Sunday, November 21, 2010

When refactoring does not help

Part of an messaging application I'm working on contains a complex piece of code. This part deals with deciding on basis of content and recipients who is to receive an incoming message.
for (BusRoute route: busRoutes){
  if (route.isMatching(report)){
    for(MessageFilter filter: messageFilters){
      if (filter instanceof DelayOnBusRouteMessageFilter){
        DelayOnBusRouteMessageFilter delayFilter = (DelayOnBusRouteMessageFilter)filter;
        if (delayFilter.getBusRoute().equals(route)){
          if (route.isApproachingRoutePoint(report, delayFilter)){
            if (delayFilter.getDelayApproachingThreshold() < threshold || threshold == 0){
              threshold = delayFilter.getDelayApproachingThreshold();
              deltaThreshold = delayFilter.getDeltaThreshold();
              ....
            else....
             ...
          else ...
What's wrong with this code? Being overly complicated it is difficult to test and maintain and without doubt it will probably contain multiple errors, i.e. it is very difficult to verify that this piece of code indeed implements the specified  requirements of what this part of the application is supposed to do. Trying to refactor it to bring down the cyclomatic complexity (McCabe index - counts separate execution paths) didn't help much. I was looking for other ways to improve code quality when I remembered using a rule engine to implement business rules for a proof of concept some years back. Rule engines are good when you can write declarative rules and want to externalize business rules or have a requirement that the rules should be dynamically modifiable at runtime. Working with a rule engine requires a different way of thinking compared to OO or even functional programming. Some understanding of the rule engine basics is necessary before we go on.


Rule engine basics
Most rule engines are based on the Rete algorithm, which is a matching algorithm in modern forward-chaining inferencing rules engines.

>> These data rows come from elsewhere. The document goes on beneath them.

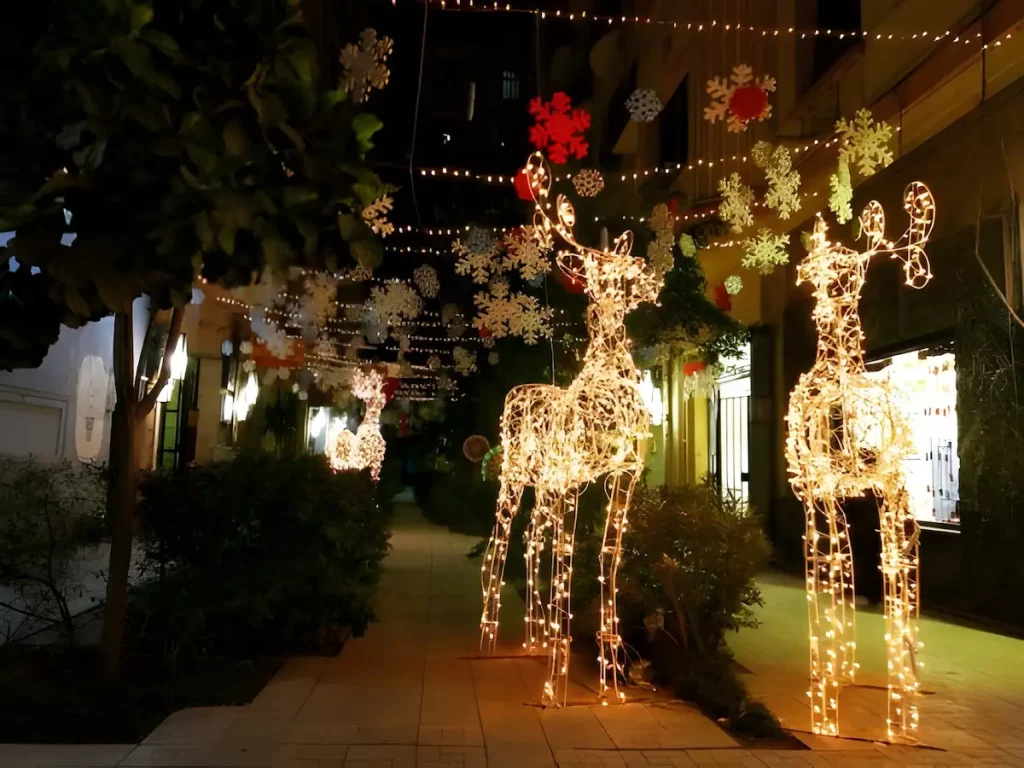 Lighting Deer christmas - outdoor decorations at Downtown Cairo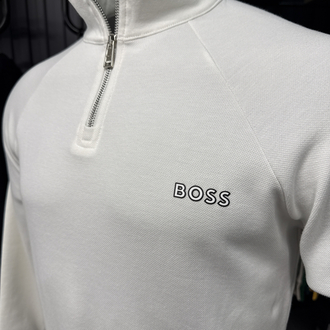 OUTLET ÜRÜNÜ Boss Yarım Fermuarlı Sweat (2502-Beyaz)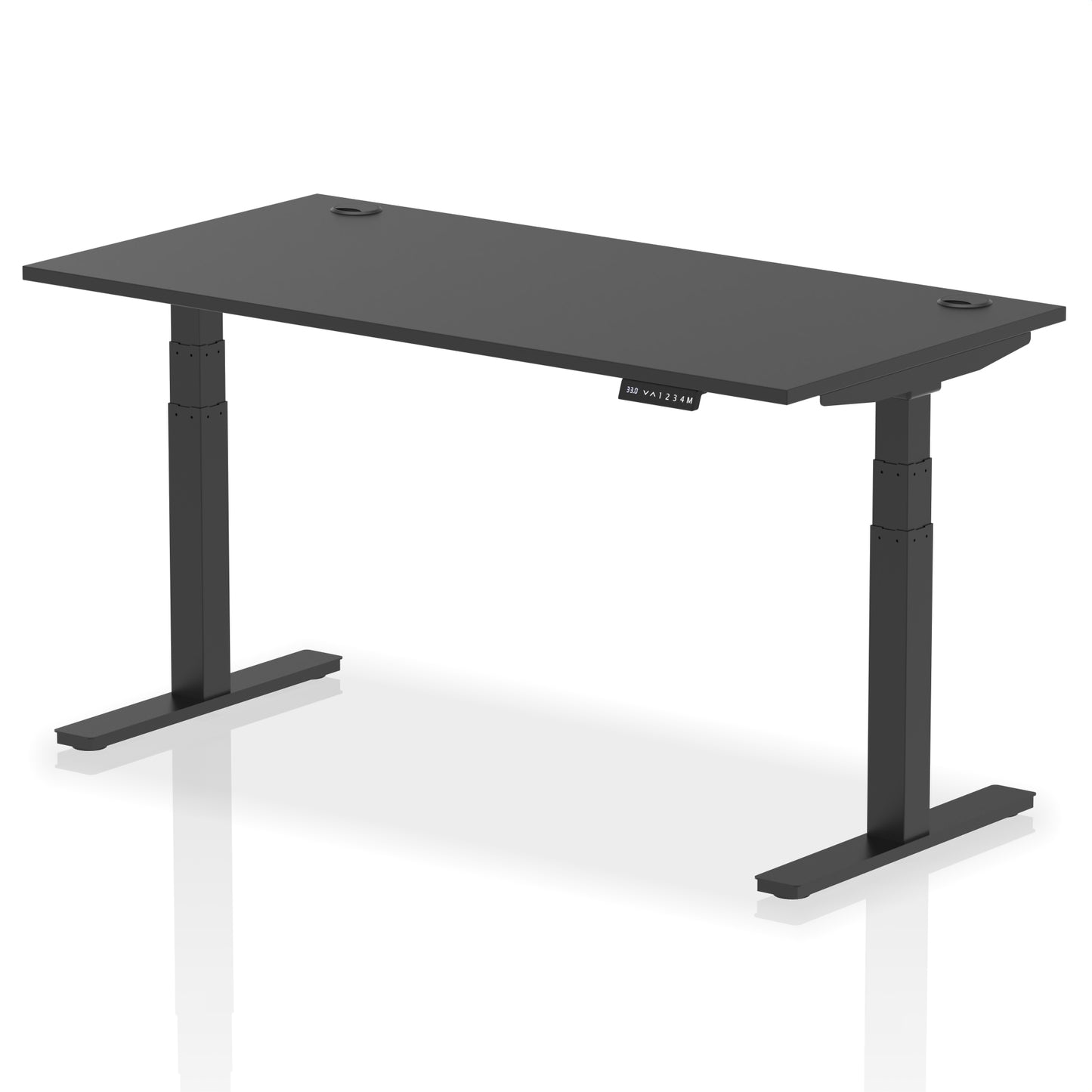 Air Height Adjustable Black Series Desk with Cable Ports - 1200mm, 1400mm, 1600mm, 1800mm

Without going into details, in contrast to naïve implementations which loop over each rule and check for matching conditions, the Rete algorithm builds a network of nodes, where each node corresponds to a pattern occurring in the condition part of a rule. A rule is defined with a condition (when) part and a consequence (then) part:
rule "my very simple first rule"
 when
  Person(age > 30 && < 40 || hair == "black")
 then
   retract(p)
In the condition part you access field constraints of the facts present in rule engine's working memory, f.i. to match all persons between 30 and 40 year of age or with black hair. Then in the consequence part you put actions to execute when this rule's condition evaluates to true and this rule is executed, f.i. the selected person is retracted from the rule engine's working memory. The normal sequence of interactions with a rule engine is as follows:
  1. insert all facts
  2. fire all rules
  3. retrieve the results
Facts are represented by object instances, for the example above we would have a Person object with a int property age and a String property hair. In the first step we insert each fact into the working memory of the engine, which implicitly constructs the network of matching conditions. Next we let the rule engine fire all rules against the inserted facts. The engine will put all rules for which the conditions evaluate to true in a certain order on an agenda list and then removes and executes the first rule on the agenda, i.e. run the consequence (then) part of the rule. If this execution changes the working memory (retract fact(s) or insert of new fact(s)) then all rules are again evaluated and a new agenda results from this. The engine then proceeds with the execution of the first rule on the agenda again. This process repeats itself until the agenda is empty. Now the fire-all-rules step has finished and we proceed with retrieving the results, which can be the list of remaining facts or an arbitrary result object created or filled by a rule consequence. From the above you may have noticed that the order in which rules are put on the agenda makes a big difference. Therefore rule engines offer additional directives to group and prioritize rules as they appear on the agenda. Also they offer a large variation in how you may construct the condition part and the consequence part, you can use rule engine's native language or may extend this language with a self written dsl. It is very important that the getters of Fact objects or other data consulted in the conditional part of rules may not have side effects, because of how the Rete algorithm works. Remember, only change fact data in the consequence part and don't forget to trigger the rule engine to reconsider the conditions of the rules if that happens.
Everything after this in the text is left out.